There are benefits and drawbacks to investing in an already successful business; as with any investment, research your options thoroughly before you decide to purchase a franchise.
Operating a franchise could be an ideal venture for some entrepreneurs with little experience because:
- The costs of opening a franchise are often lower compared to starting a company from the ground up, so franchisees require very little capital to start;
- Consumers may already have brand recognition for the franchise and benefit from their advertising campaigns; and
- Franchisees typically get a lot of help, as franchisors will tend to supervise their new franchisees closely.
A franchisee must follow the proven business model that is already in place, as it helps to provide a consistent state of operations within all companies under the same brand name. The franchisee is responsible for growing the franchise via the usual means of advertising and marketing within its exclusive area of operation.
However, all marketing campaigns must comply with and be approved by the original establishment before releasing them to the public. As the manager of the franchise, the franchisee is expected to protect the brand name of the franchisor by offering only approved products and services that are linked to the brand name of the original company.
Franchisee Example: McDonald’s
A company that has a global presence because of its franchises is the fast-food behemoth, McDonald’s. McDonald’s was founded in 1940 by the McDonald brothers in San Bernardino, California. However, Ray Kroc opened the first official franchise for the McDonald’s System, Inc.—a predecessor of today’s McDonald’s Corp. (MCD)—in 1955 in Des Plaines, Illinois (a suburb of Chicago).
At fiscal year-end 2020, there were 39,198 McDonald’s restaurants in 119 countries around the world, 93.17% of which were franchised. So, the company has 36,521 franchisees. The company’s long-term goal is for 95% of McDonald’s restaurants to be owned by franchisees.
McDonald’s either owns the land and buildings used by the franchisees or secures long-term leases for the franchised sites. As part of the contractual agreement with the company the franchisee provides a portion of the capital required by making an initial investment in the equipment, seating, décor, and signs in the location that the company will provide. For would-be franchisees, McDonald’s requires an initial down payment of 25% (of the total cost) for the purchase of an existing restaurant; and at least 25% of the down payment must be in cash.

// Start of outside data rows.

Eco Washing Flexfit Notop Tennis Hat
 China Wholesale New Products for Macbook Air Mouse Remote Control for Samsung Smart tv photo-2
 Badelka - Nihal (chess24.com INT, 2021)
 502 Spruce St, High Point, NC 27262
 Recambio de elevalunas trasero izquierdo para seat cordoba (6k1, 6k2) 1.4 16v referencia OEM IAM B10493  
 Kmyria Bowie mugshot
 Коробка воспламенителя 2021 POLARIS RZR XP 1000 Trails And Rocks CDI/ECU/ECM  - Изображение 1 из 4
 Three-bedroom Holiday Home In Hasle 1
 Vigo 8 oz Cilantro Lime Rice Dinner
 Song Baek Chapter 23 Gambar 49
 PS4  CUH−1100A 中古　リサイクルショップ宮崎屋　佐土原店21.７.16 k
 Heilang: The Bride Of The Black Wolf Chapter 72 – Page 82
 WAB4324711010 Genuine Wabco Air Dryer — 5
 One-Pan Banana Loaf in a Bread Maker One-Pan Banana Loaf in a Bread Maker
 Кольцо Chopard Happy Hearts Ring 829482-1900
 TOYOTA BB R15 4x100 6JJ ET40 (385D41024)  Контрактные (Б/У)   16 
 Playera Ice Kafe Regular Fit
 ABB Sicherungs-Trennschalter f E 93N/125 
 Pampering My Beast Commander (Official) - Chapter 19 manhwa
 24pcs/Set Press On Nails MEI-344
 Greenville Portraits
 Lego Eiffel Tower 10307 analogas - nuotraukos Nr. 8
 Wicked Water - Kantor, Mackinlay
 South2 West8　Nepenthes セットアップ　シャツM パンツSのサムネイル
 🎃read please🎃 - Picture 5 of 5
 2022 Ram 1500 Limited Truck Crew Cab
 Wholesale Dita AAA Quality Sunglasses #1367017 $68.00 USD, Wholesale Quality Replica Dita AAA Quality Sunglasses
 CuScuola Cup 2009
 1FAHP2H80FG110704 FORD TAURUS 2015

The legendary success of the McDonald’s franchise story is partly a result of the company’s commitment to maintaining consistent standards in its menu that resonate across its various chains. A Big Mac in Los Angeles should and does have the same quality as one in London. Franchisees manage their own pricing decisions and staffing matters while benefiting from the brand equity and global experience of McDonald’s.
Does a Franchisee Own a Business?
Yes, a franchisee is considered a business owner, although the type of business they own is a franchise. This can limit the scope and autonomy of what the business owner is allowed to do, per the franchise agreement. For instance, a McDonald’s franchisee cannot sell Burger King items and must use the official McDonald’s logo and branding.
Is a Franchisee the Same as a Franchisor?
No, the franchisor is the entity that owns the intellectual property, patents, and trademarks of the brand or business being franchised. A franchisee buys the rights and licenses to operate a location of the franchisor.
Can a Franchisee Be Fired or Removed?
Yes, if the franchisee breaks the terms or covenants in the franchise agreement they may be terminated with cause. A termination that is seen as not for cause can be litigated as wrongful termination of the franchise in court.